All tensors in an operation must be on the same device. You cannot add a CPU tensor to a CUDA tensor. If you get a “RuntimeError: expected all tensors to be on the same device” error, check that both your data and model are on the same device.

# Apple Silicon (MPS backend)
device = torch.device('mps' if torch.backends.mps.is_available() else 'cpu')

# Multi-GPU: specify GPU index
device = torch.device('cuda:0')    # first GPU
device = torch.device('cuda:1')    # second GPU

4. Autograd#

PyTorch’s automatic differentiation engine. Every operation on tensors with requires_grad=True is recorded on a dynamic computation graph. Calling .backward() traverses this graph in reverse to compute gradients.
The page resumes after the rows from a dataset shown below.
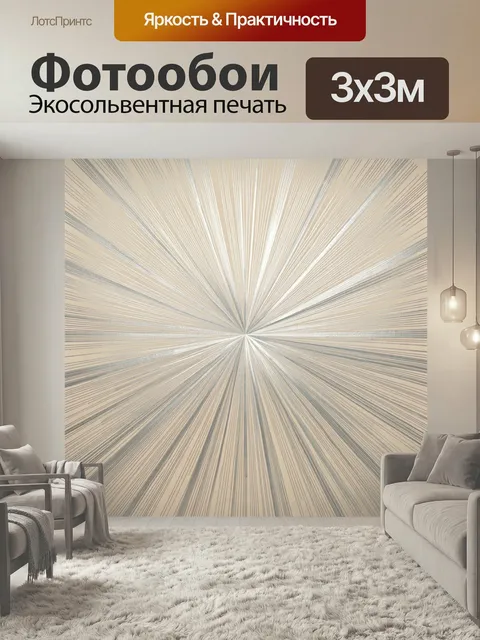 Фотообои Абстрактные лучи в бежевых тонах. Динамичная композиция из тонких расходящихся линий, создающих эффект светов…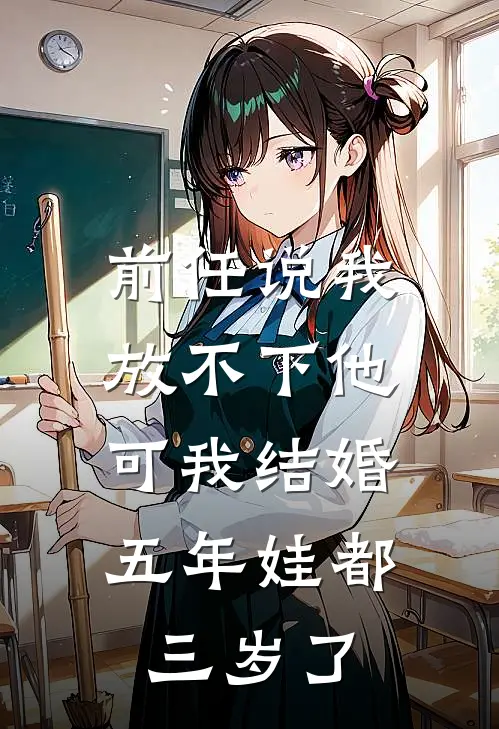 前任说我放不下他，可我结婚五年娃都三岁了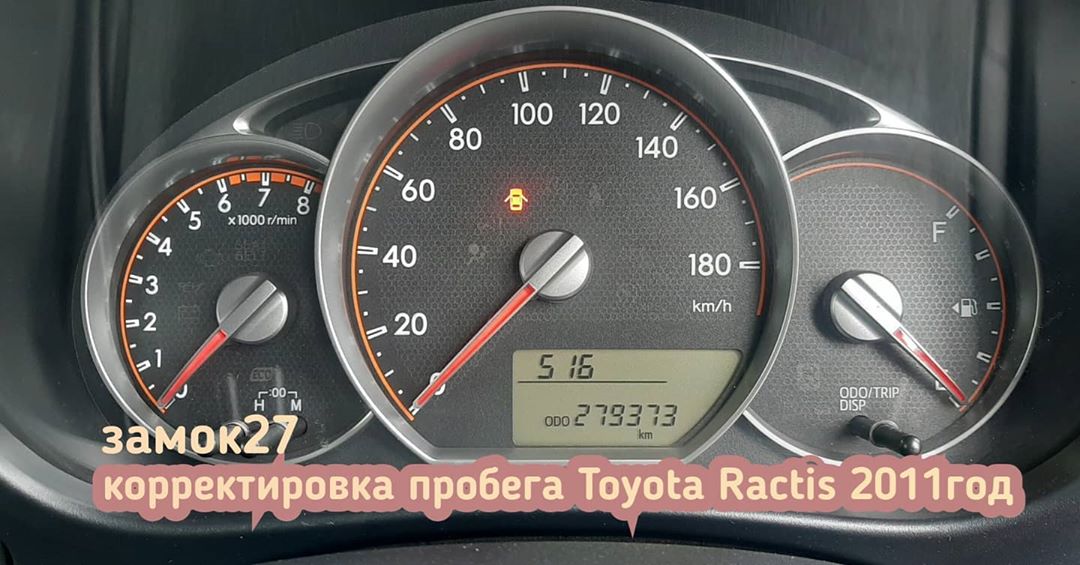 Toyota Ractis корректировка пробега
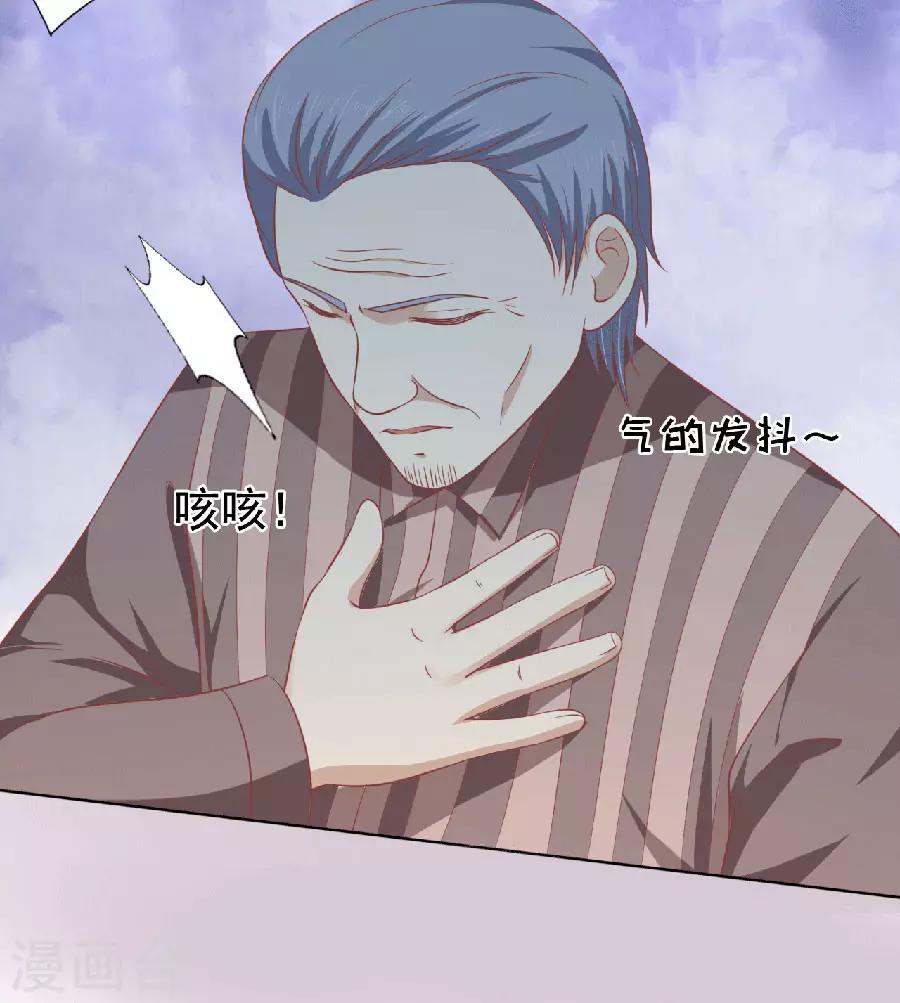 第150话 为分割财产而来2-第150话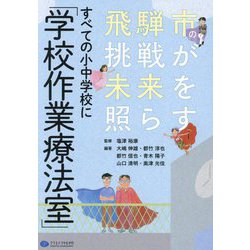 すべての小中学校に「学校作業療法室」―飛騨市の挑戦が未来を照らす [単行本]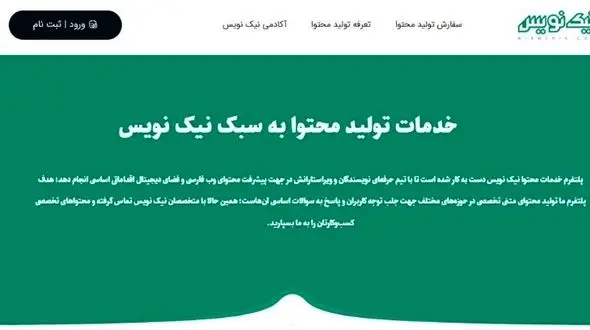 نیک نویس آغاز به کار کرد! تخصصی‌ترین پلتفرم تولید محتوا متنی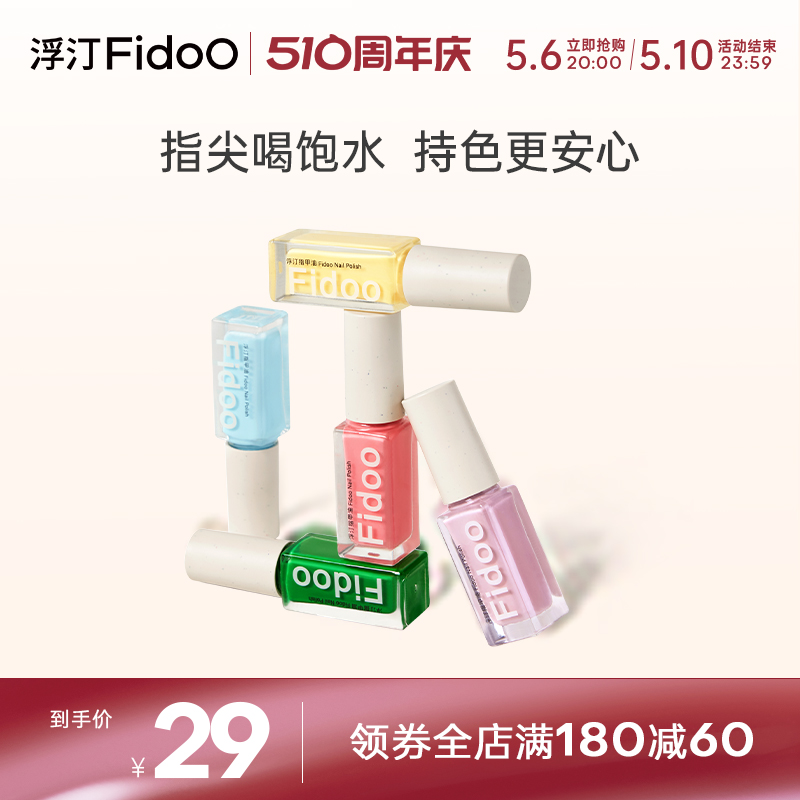 浮汀持色水性指甲油Fidoo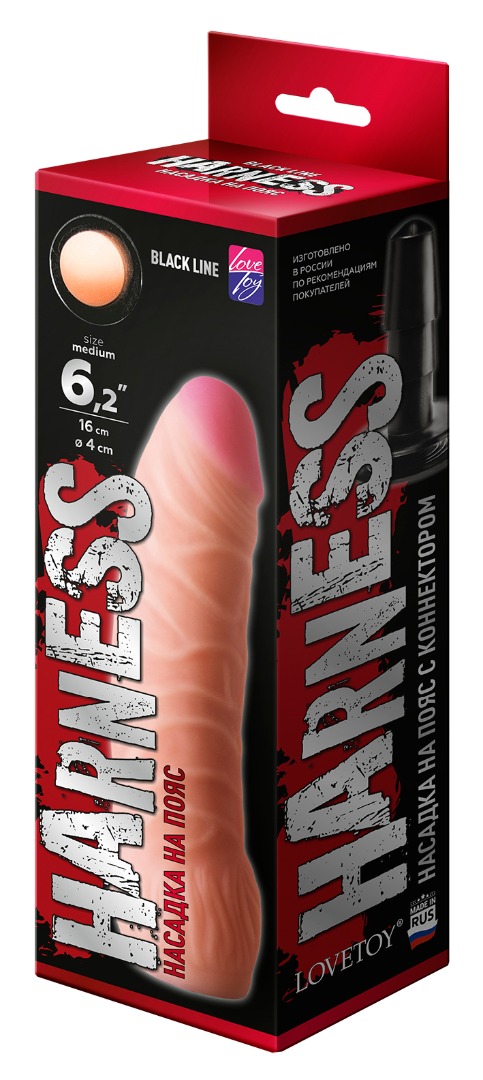 ������� ��� �������� HARNESS � ����������� BLACK LINE, L 160 ��, D 40 ��, ���. 844104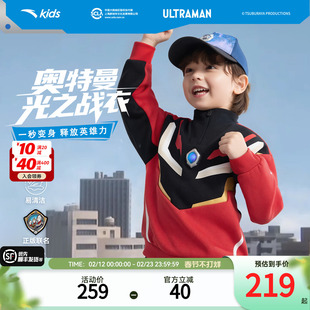 奥特曼安踏儿童卫衣男童套头红色2026年新款亲肤儿童运动宝宝卫衣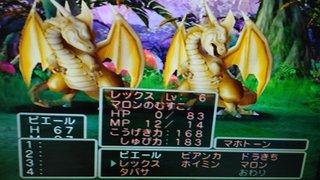 ドラクエ5に詳しい人ちょっと来て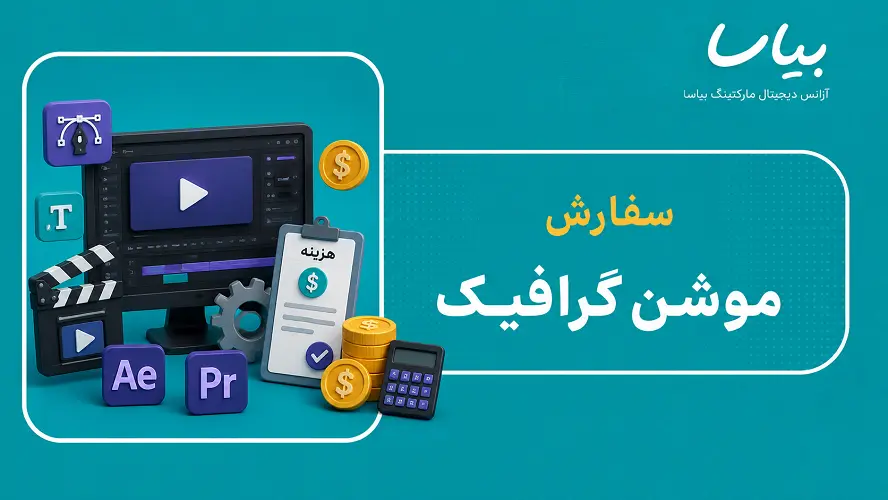 سفارش موشن گرافیک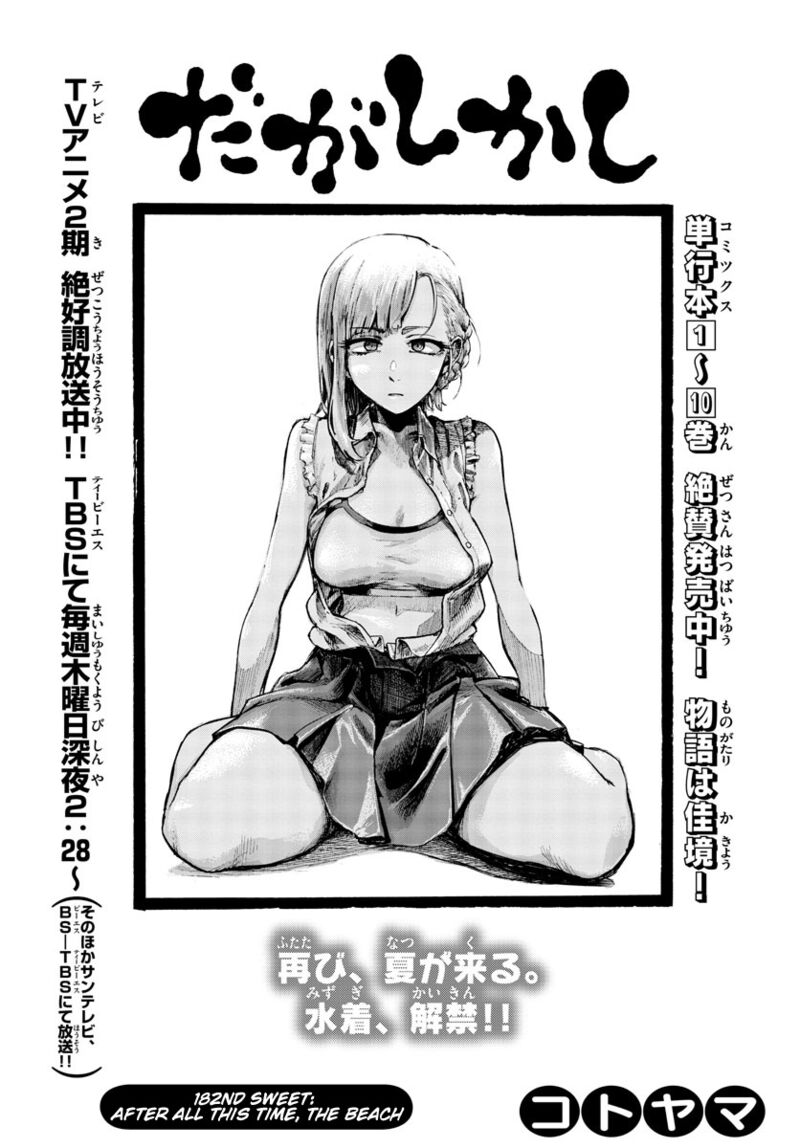 Dagashi Kashi 182 3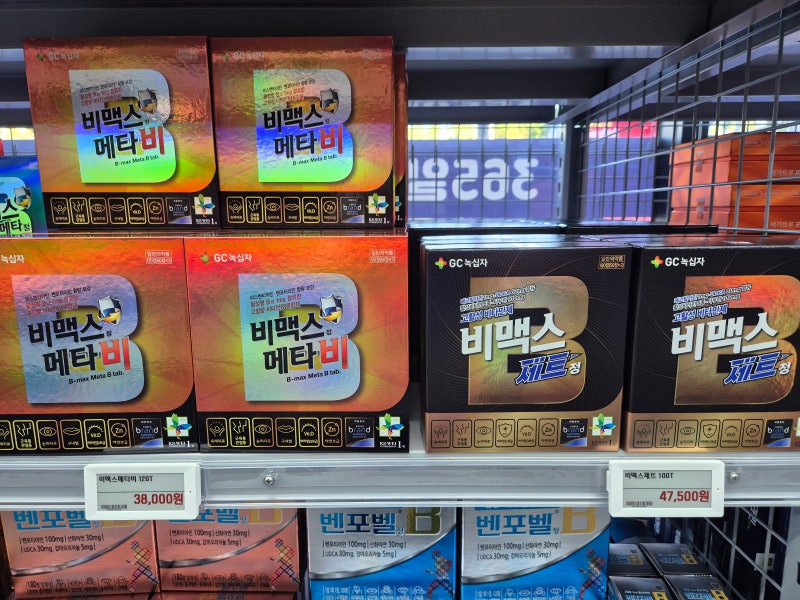 비맥스 종류 이렇게 많았어? 메타비·메타·제트 성분부터 약국 가격까지 총정리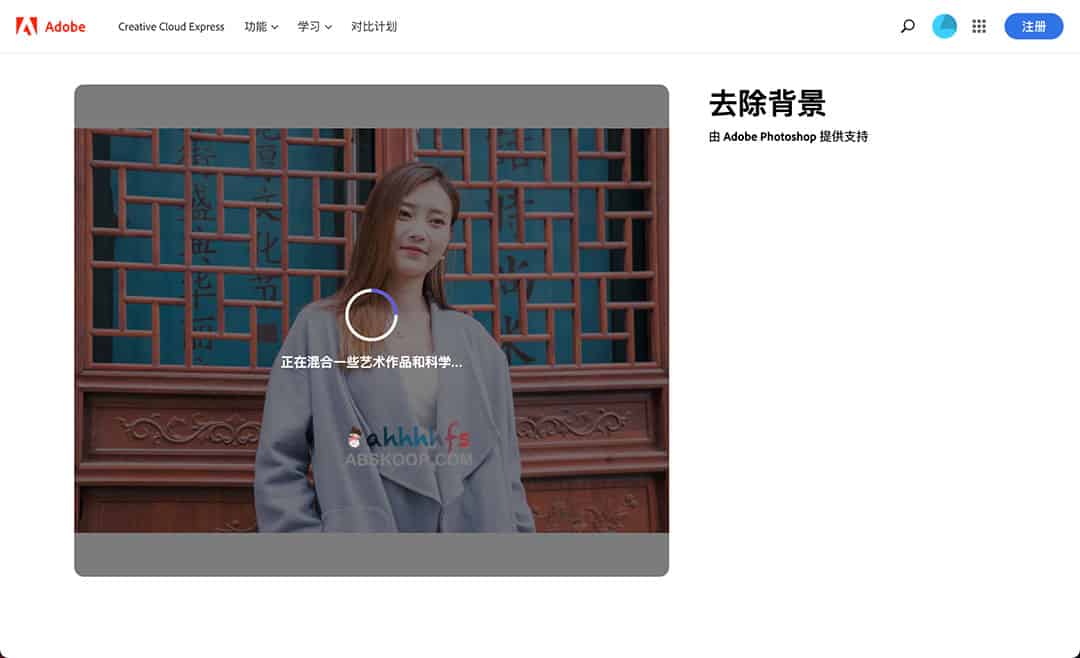 Adobe 在线背景移除指南：快速实现图像透明化与抠图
Basic Gradient Computation#

x = torch.tensor(3.0, requires_grad=True)
y = x**2 + 2*x + 1
y.backward()            # compute dy/dx
print(x.grad)           # tensor(8.)  -- dy/dx = 2x + 2 = 8

Gradient Control#

# Disable gradient tracking (inference, evaluation)
with torch.no_grad():
    pred = model(x)           # no graph built, saves memory

# Alternative: inference mode (even more memory efficient)
with torch.inference_mode():
    pred = model(x)

# Detach tensor from computation graph
x_detached = x.detach()       # shares data, no grad tracking

# Prevent gradient for specific parameters
for param in model.encoder.parameters():
    param.requires_grad = False   # freeze encoder

Zeroing Gradients#

# CRITICAL: PyTorch accumulates gradients by default!
optimizer.zero_grad()          # preferred in training loop

# Manual alternatives
param.grad = None              # modern PyTorch preferred
param.grad.zero_()             # in-place zeroing
model.zero_grad()              # zero all model params

Why Gradients Accumulate

Gradient accumulation is by design – it enables computing effective gradients over multiple mini-batches when GPU memory is too small for a single large batch. But if you forget optimizer.zero_grad(), gradients from previous iterations contaminate the current update. This is one of the most common PyTorch bugs.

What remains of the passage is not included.